Bruce has already received a ton of criticism for this record, along the lines of “he’s turning into Rod Stewart,” but there’s a difference between covering songs and embracing them. Stewart covered the Great American Songbook across five albums, plus 15 slices of soul music on 2009’s Soulbook. Not that those albums aren’t good listening, but just compare Rod’s version of “Higher and Higher” to Bruce’s. It’s the difference between covering a song and crawling into the guts of the song and making it your own.
VIDEO: Bruce Springsteen “Nightshift”
The best example of this on the new album is “Nightshift,” a 1985 hit for the post-Lionel Ritchie Commodores. This is one of Bruce’s best vocal performances – not just on this album, which shows him in remarkably fine voice, but ever. I’ve lost track of the musicians and music enthusiasts in my circle, many of them pointedly not Springsteen fans, who have listened to that track and marveled at the depth with which he embraces and expresses the lyrics. And just look at his face in the video for “Nightshift” when he sings of Jackie Wilson and references “Higher and Higher.” It’s like he’s relishing that joyous 2009 performance in Philly all over again.
The worst example is probably “Don’t Play That Song,” originally released by Ben E. King in 1962 and famously covered by Aretha Franklin, who took it to number one on the Billboard R&B chart for five weeks in 1970. Bruce leans in more toward Franklin than King on this one, and I like the video, which tells me there’ll be lots of horns and strings and backup singers on the upcoming tour.
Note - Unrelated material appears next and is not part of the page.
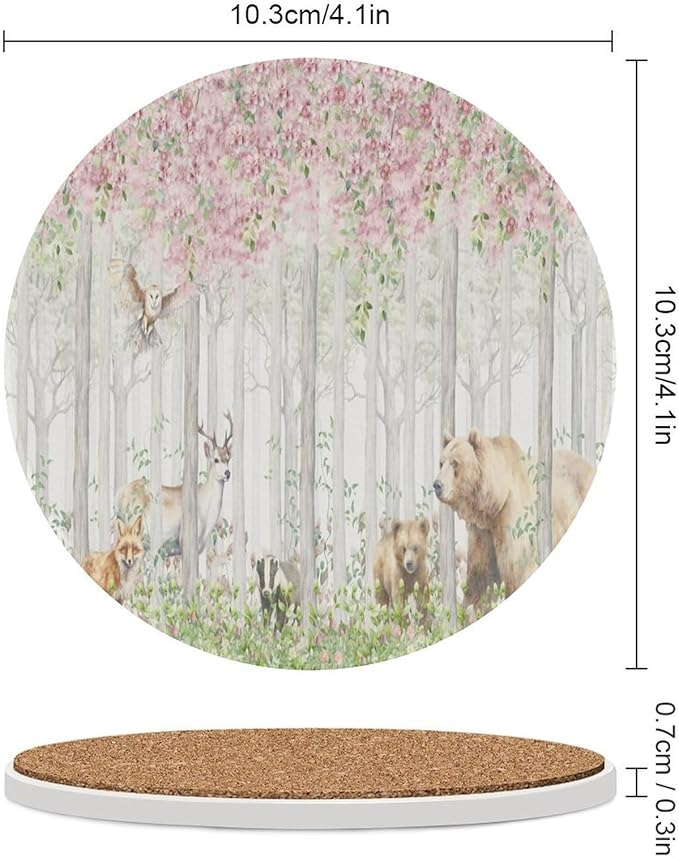Round-4PCS Forest Ceramic Coasters, Round Absorbent Drink Coasters, Cartoon Nature Forest Flower Animal Bear, Deer, Fox, Rabbit Ceramic Table Coasters for Coffee, Beverage, Wine, Beer Coasters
For my money, though, he never manages to one-up Aretha and make the song his own, despite a brief detour into spoken word (“I remember those summer nights down by the shore…”). I wonder if he considered doing a duet with Patti on this one, the way Sam Moore and Bekka Bramlett teamed up on Sam’s terrific 2006 album, Overnight Sensational.
Sam (of the legendary Sam & Dave, but you knew that already, didn’t you?) shows up on two songs: “Soul Days,” Dobie Gray’s terrific Carolina shag summer song, and William Bell’s “I Forgot to Be Your Lover,” which would segueway well with Bruce’s “Back in Your Arms,” released on the 1998 Tracks boxed set.
When the album’s track list was originally released, I was fascinated by two song choices: The Temptations’ “I Wish It Would Rain” and The Four Tops’ “7 Rooms of Gloom.” As a longtime fan of both groups, I wondered how Bruce would tackle these iconic Motown tunes. They’re both solid straightforward covers, but the latter really takes off in a way that suggests it will be absolutely terrific live – which, when all is said and done, is kind of what us Springsteen fans want to know as every new song and album is released.
VIDEO: Bruce Springsteen “Do I Love You (Indeed I Do)”
There are several tracks here that could easily become joyous concert set pieces, most notably the first single, “Do I Love You (Indeed I Do).” It’s a no-brainer to imagine 20,000 fans rocking the roof of the arena collectively singing to Bruce: “Do I love you? Do I love you? Do I love you? Indeed I do!”
The Jerry Butler title track, too, with its theme of looking back to one’s first love affair and the singer getting advice from his mother invites everyone to scream along in unison: “Only the strong survive!” Upbeat and positive, it also takes on deep poignancy when you consider how close Springsteen is to his 97-year-old mother, Adele, suffering from Alzheimer’s, who might well have given him the same advice.
And just as fans are looking to “Ghosts” from Letter to You as a show opener, it’s easy to see “Someday We’ll Be Together” as a show closer. Don’t do it, Bruce: That’s Diana Ross’ shtick.
Remarkably, according to the tour stats assembled by setlist.fm, none of the 15 songs on Only the Strong Survive were ever performed by Springsteen in concert. That will no doubt change when his 2023 tour kicks off in Florida in February.